ECLI:NL:CRVB:2024:72
Centrale Raad van Beroep
- Hoger beroep
- Rechtspraak.nl
Intrekking van kinderbijslag door de Sociale verzekeringsbank en de beoordeling van onderhoudsbijdragen door de Centrale Raad van Beroep
In deze zaak heeft de Centrale Raad van Beroep op 12 januari 2024 uitspraak gedaan in hoger beroep tegen de beslissing van de rechtbank Overijssel. De zaak betreft de intrekking van kinderbijslag door de Sociale verzekeringsbank (Svb) voor drie kinderen van belanghebbende, die niet tot zijn huishouden behoren.
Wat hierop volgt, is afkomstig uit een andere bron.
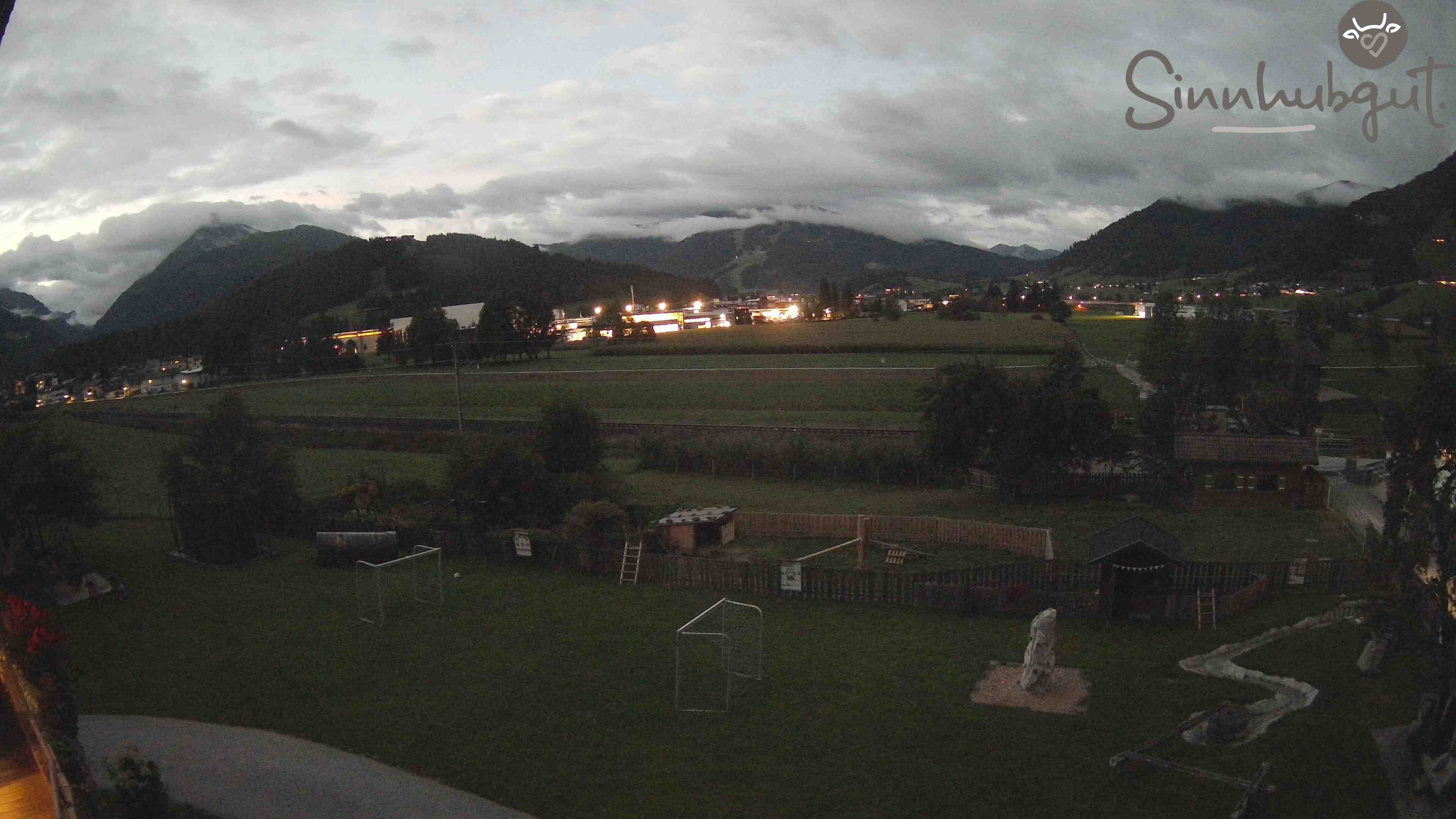 Archived image Webcam Sinnhub farm - Altenmarkt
De Raad oordeelt dat de Svb terecht het recht op kinderbijslag heeft ingetrokken voor [kind 1] over het derde kwartaal van 2019 tot en met het eerste kwartaal van 2021 en voor [kind 2] en [kind 3] vanaf het tweede kwartaal van 2020 tot en met het eerste kwartaal van 2021. Belanghebbende heeft niet aangetoond dat hij de kinderen in belangrijke mate heeft onderhouden over de in geding zijnde kwartalen. De Raad bevestigt de overwegingen van de rechtbank en stelt vast dat de kinderen op de peildata uit huis geplaatst waren, waardoor zij niet tot het huishouden van belanghebbende behoorden. De Raad concludeert dat belanghebbende niet heeft voldaan aan de onderhoudseis zoals gesteld in de Algemene Kinderbijslagwet (AKW). De bewindvoerder van belanghebbende heeft in hoger beroep aangevoerd dat er voldoende bewijs is geleverd voor de onderhoudsbijdrage, maar de Raad oordeelt dat de Svb geen dringende redenen had om van de intrekking van de kinderbijslag af te zien. De uitspraak van de rechtbank wordt bevestigd, en de intrekking van de kinderbijslag blijft in stand. Tevens wordt er geen proceskostenvergoeding toegekend aan de bewindvoerder, omdat het hoger beroep niet slaagt.